L’impact du droit européen sur les compétences fiscales des États membres a évolué au cours du temps, suivant la même logique que celle de l’intégration européenne. On est en effet passé d’une union entre six États fondateurs sur des matières très ciblées (le charbon et l’acier) à une Union européenne comprenant aujourd’hui 28 pays, dont certains partagent même une monnaie commune (l’euro).

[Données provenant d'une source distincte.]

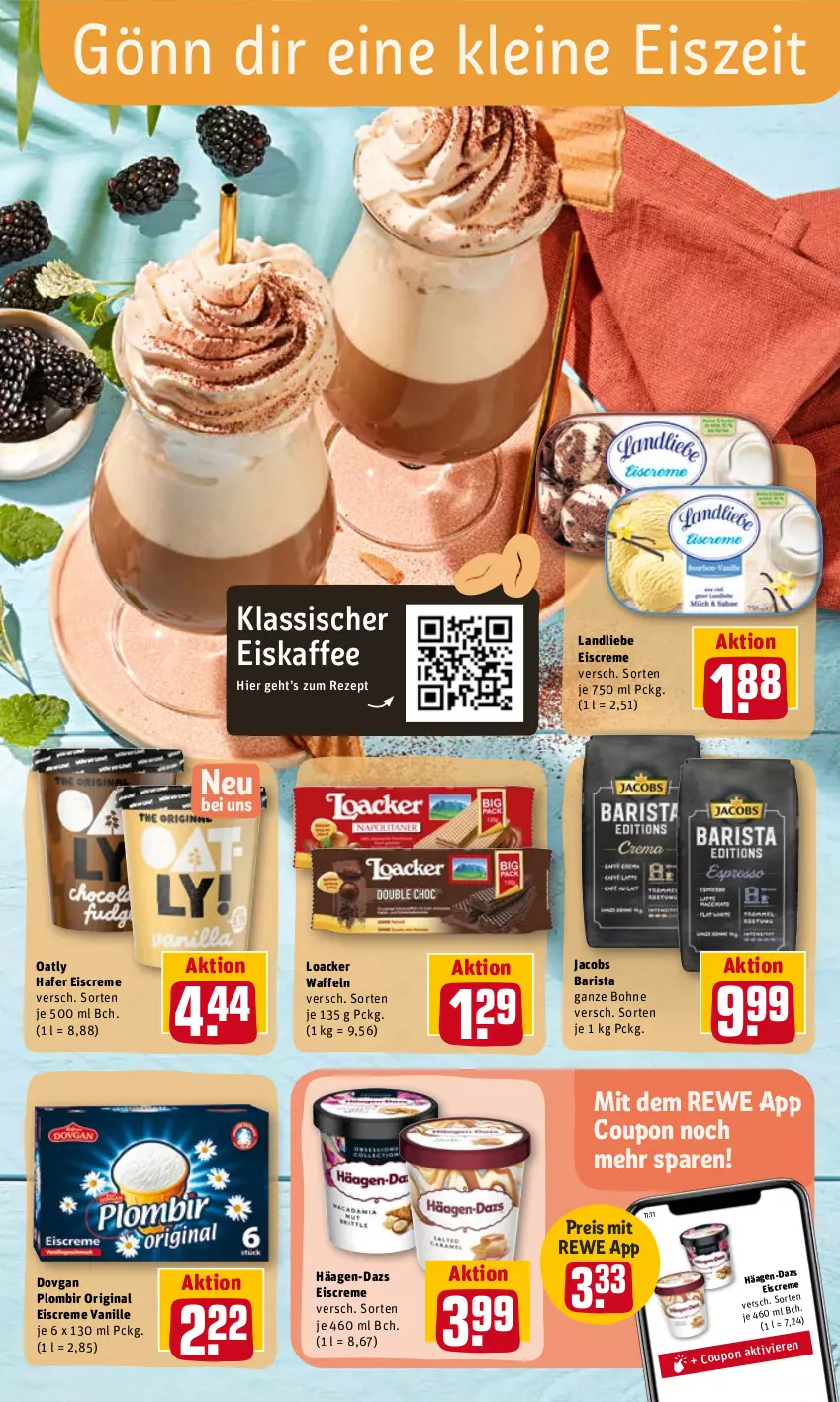 Aktueller Prospekt Rewe - Diese Woche im Angebot! - von 07.06 bis 11.06.2022 - strona 13 - produkty: bohne, coupon, creme, dovgan, eis, eiscreme, eiskaffee, gin, häagen-dazs, hafer, jacobs, kaffee, landliebe, landliebe eiscreme, leine, reis, rezept, Ti, vanille, waffeln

Sur le plan fiscal, les États ont évolué d’une union douanière vers une union économique, basée sur l’idée de marché intérieur, dans laquelle certains impôts ont été harmonisés. Depuis 1968, les États membres font partie d’une union douanière, ce qui implique que les droits de douane entre eux ont été supprimés et que les droits perçus aux frontières extérieures de l’Union sont perçus de manière uniforme. De plus, les droits de douane sont en grande partie reversés par les États membres à l’Union européenne ; il s’agit d’une des quatre « ressources propres » du budget de l’Union, couvrant un peu plus de 10 % de celui-ci. Par ailleurs, en matière de TVA et d’accises, des directives européennes – que les États ont l’obligation de transposer – définissent la structure de ces impôts. Par exemple, la directive TVA définit quelles entreprises sont soumises à la TVA, identifie les opérations qui peuvent bénéficier d’exonérations (comme les soins de santé ou l’enseignement) et interdit même aux États membres de fixer un taux normal de TVA inférieur à 15 % (avec, toutefois, des possibilités de fixer des taux réduits pour certains biens et services).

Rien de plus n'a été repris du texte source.